(Beginning of Records supplied)
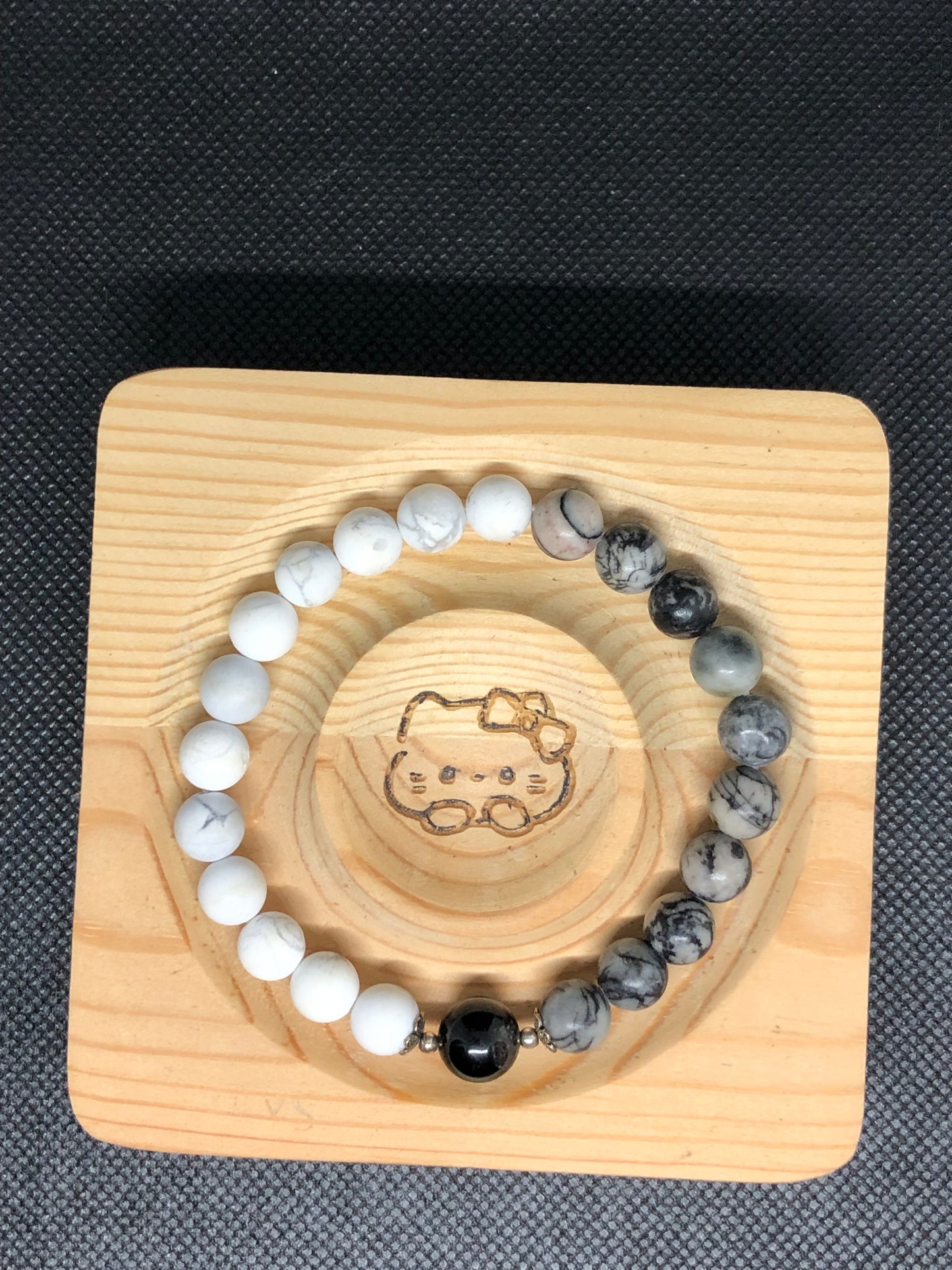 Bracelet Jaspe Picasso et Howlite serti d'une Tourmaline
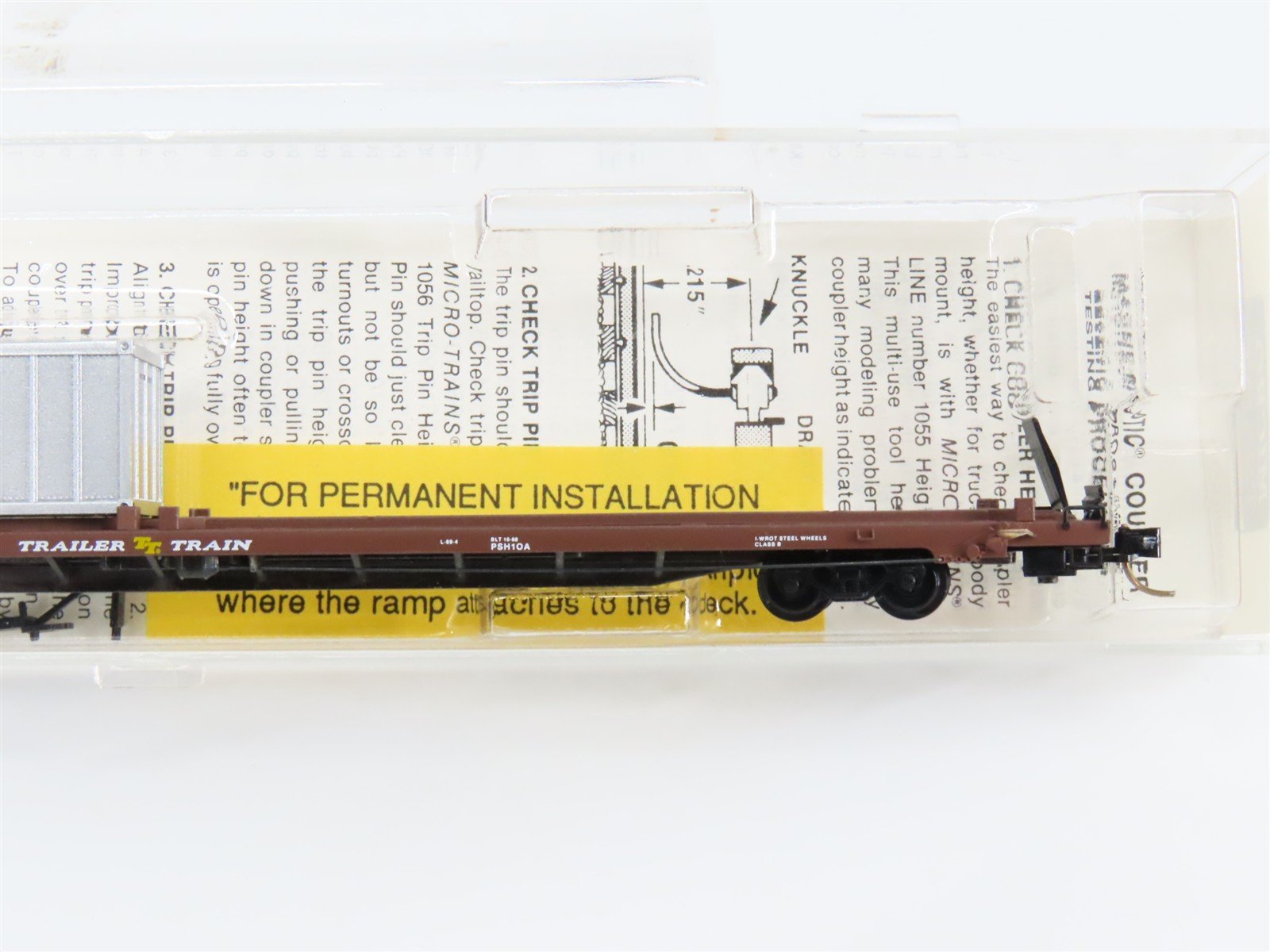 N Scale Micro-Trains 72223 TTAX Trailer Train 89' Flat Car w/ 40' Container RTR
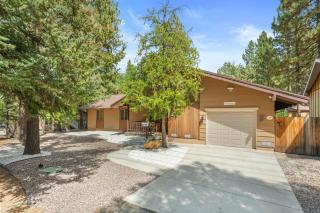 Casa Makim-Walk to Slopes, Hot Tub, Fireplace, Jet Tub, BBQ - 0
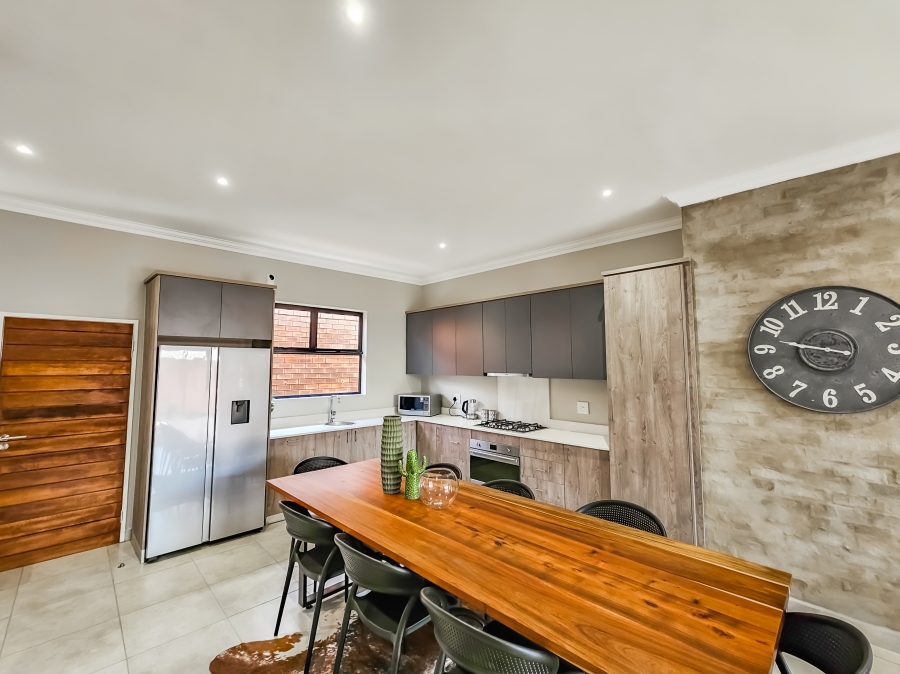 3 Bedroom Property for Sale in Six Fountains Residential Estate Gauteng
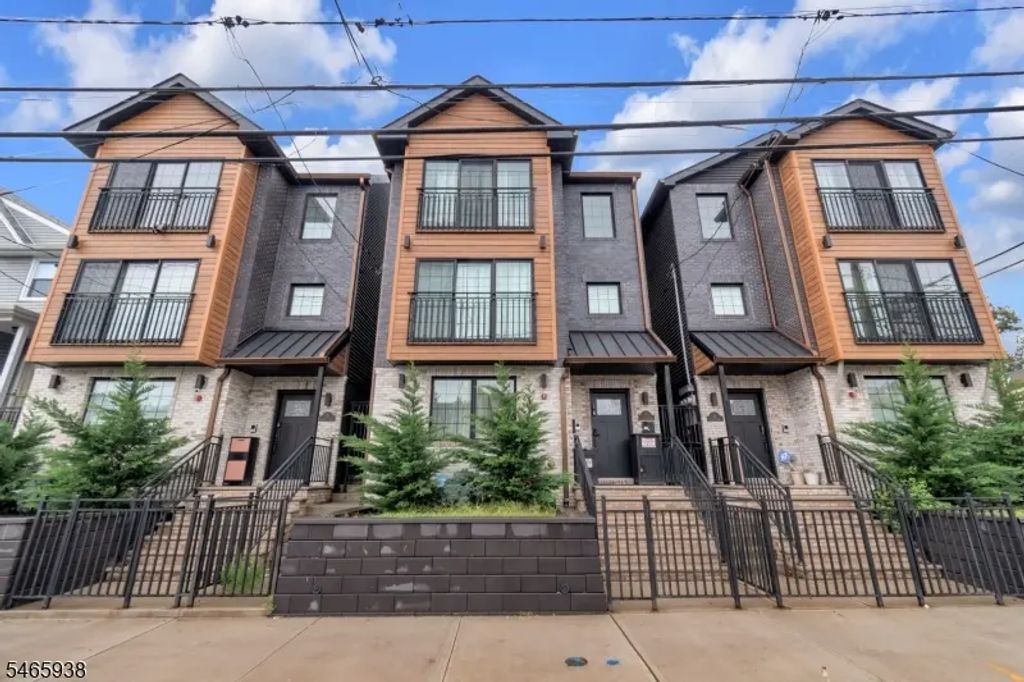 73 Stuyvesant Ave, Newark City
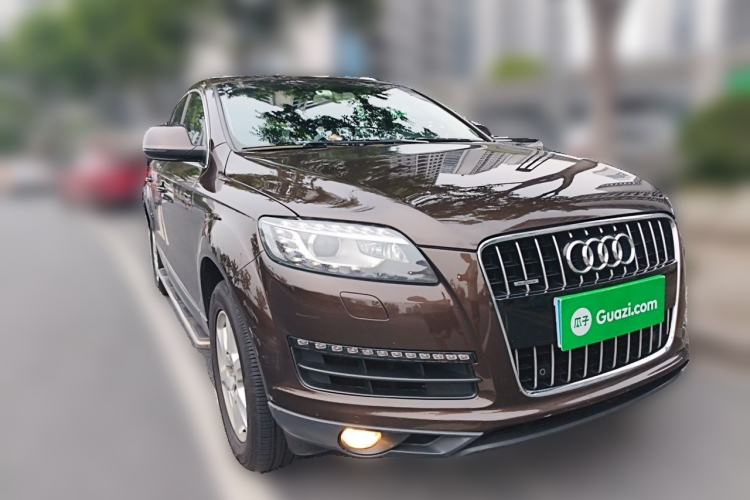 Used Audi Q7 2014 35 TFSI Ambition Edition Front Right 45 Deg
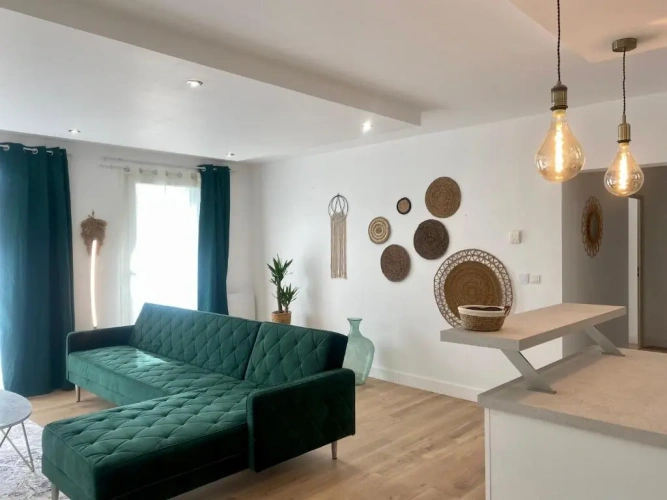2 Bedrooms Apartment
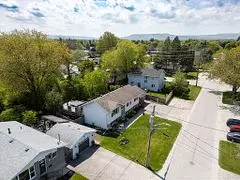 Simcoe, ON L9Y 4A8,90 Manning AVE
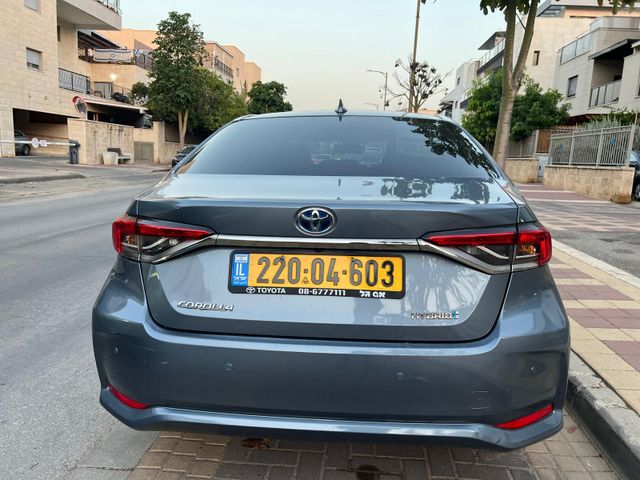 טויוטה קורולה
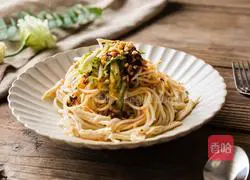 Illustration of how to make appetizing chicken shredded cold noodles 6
(End of Records supplied)
Problem details >> Every picture stays out; reproduce exactly the lines from the one with "Casa Makim-Walk to" through the last line of the data above.

Your solution >>
 Casa Makim-Walk to Slopes, Hot Tub, Fireplace, Jet Tub, BBQ - 0
 3 Bedroom Property for Sale in Six Fountains Residential Estate Gauteng
 73 Stuyvesant Ave, Newark City
 Used Audi Q7 2014 35 TFSI Ambition Edition Front Right 45 Deg
2 Bedrooms Apartment
 Simcoe, ON L9Y 4A8,90 Manning AVE
 טויוטה קורולה
 Illustration of how to make appetizing chicken shredded cold noodles 6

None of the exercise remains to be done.